▶ WHAT IS REQUIRED
Set down exactly the lines below between the line holding "15 Barwin Street, Wakerley QLD 4154" and the line holding "Kim Ji Hoon takes it off for Amore Pacific", inclusive; no other line belongs in the answer.

Dataset records
───

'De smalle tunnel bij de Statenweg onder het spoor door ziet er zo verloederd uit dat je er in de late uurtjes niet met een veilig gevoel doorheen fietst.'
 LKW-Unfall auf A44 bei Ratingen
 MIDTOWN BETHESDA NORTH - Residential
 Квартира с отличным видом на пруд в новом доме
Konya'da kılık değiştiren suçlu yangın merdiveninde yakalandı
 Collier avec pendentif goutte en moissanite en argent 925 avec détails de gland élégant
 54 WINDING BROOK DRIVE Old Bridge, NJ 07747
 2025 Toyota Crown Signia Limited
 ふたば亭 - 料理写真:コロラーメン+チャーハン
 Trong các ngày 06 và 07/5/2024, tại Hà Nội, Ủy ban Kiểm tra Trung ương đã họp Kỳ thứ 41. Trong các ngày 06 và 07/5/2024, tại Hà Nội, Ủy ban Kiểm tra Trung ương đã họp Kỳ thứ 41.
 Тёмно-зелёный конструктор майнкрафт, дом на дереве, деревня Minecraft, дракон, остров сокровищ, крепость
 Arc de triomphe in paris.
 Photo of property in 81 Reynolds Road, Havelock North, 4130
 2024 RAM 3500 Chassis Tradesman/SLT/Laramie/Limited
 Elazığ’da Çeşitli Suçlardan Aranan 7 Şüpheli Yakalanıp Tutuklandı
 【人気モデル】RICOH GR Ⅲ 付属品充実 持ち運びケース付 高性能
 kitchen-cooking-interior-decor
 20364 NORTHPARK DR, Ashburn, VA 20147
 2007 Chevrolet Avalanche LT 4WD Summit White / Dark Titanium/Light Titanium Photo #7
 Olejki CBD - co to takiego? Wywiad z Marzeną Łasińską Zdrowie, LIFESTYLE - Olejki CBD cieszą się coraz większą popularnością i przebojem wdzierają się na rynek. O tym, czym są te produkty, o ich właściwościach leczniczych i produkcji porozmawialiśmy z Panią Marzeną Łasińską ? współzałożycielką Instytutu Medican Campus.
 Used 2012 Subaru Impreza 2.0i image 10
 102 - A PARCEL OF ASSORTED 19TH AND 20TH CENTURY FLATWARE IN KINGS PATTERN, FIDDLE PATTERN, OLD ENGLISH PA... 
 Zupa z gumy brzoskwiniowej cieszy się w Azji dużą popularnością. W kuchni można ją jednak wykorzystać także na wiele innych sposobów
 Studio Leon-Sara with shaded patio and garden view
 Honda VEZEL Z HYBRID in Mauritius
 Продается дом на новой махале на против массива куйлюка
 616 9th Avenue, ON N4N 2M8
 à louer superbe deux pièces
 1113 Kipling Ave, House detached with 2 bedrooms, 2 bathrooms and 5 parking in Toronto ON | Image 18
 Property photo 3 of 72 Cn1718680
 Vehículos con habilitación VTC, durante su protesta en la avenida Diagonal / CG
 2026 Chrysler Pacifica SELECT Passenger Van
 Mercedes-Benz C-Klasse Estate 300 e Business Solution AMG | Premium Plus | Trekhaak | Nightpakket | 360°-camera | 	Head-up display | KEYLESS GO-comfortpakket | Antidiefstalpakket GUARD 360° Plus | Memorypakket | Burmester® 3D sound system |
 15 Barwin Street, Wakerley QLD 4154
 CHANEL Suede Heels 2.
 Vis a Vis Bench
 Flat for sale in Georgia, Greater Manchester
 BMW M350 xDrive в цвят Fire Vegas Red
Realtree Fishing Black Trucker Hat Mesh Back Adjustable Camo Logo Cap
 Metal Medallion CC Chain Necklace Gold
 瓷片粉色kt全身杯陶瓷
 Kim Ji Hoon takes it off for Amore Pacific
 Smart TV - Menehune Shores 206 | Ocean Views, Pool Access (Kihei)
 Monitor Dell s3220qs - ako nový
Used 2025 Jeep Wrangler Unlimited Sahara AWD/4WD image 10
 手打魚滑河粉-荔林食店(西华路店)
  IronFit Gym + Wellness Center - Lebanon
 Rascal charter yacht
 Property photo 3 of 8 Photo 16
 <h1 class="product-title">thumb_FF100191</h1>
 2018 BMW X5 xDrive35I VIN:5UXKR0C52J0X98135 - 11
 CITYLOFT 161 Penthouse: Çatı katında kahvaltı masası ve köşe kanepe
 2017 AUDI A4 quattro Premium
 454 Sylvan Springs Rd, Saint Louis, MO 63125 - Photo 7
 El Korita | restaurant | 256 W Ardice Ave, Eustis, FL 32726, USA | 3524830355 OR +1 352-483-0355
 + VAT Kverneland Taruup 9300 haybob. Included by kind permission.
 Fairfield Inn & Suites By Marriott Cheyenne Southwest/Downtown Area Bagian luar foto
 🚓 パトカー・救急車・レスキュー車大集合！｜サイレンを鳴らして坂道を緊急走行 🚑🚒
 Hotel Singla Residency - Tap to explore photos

───

▶ TASK RESULT
 15 Barwin Street, Wakerley QLD 4154
 CHANEL Suede Heels 2.
 Vis a Vis Bench
 Flat for sale in Georgia, Greater Manchester
 BMW M350 xDrive в цвят Fire Vegas Red
Realtree Fishing Black Trucker Hat Mesh Back Adjustable Camo Logo Cap
 Metal Medallion CC Chain Necklace Gold
 瓷片粉色kt全身杯陶瓷
 Kim Ji Hoon takes it off for Amore Pacific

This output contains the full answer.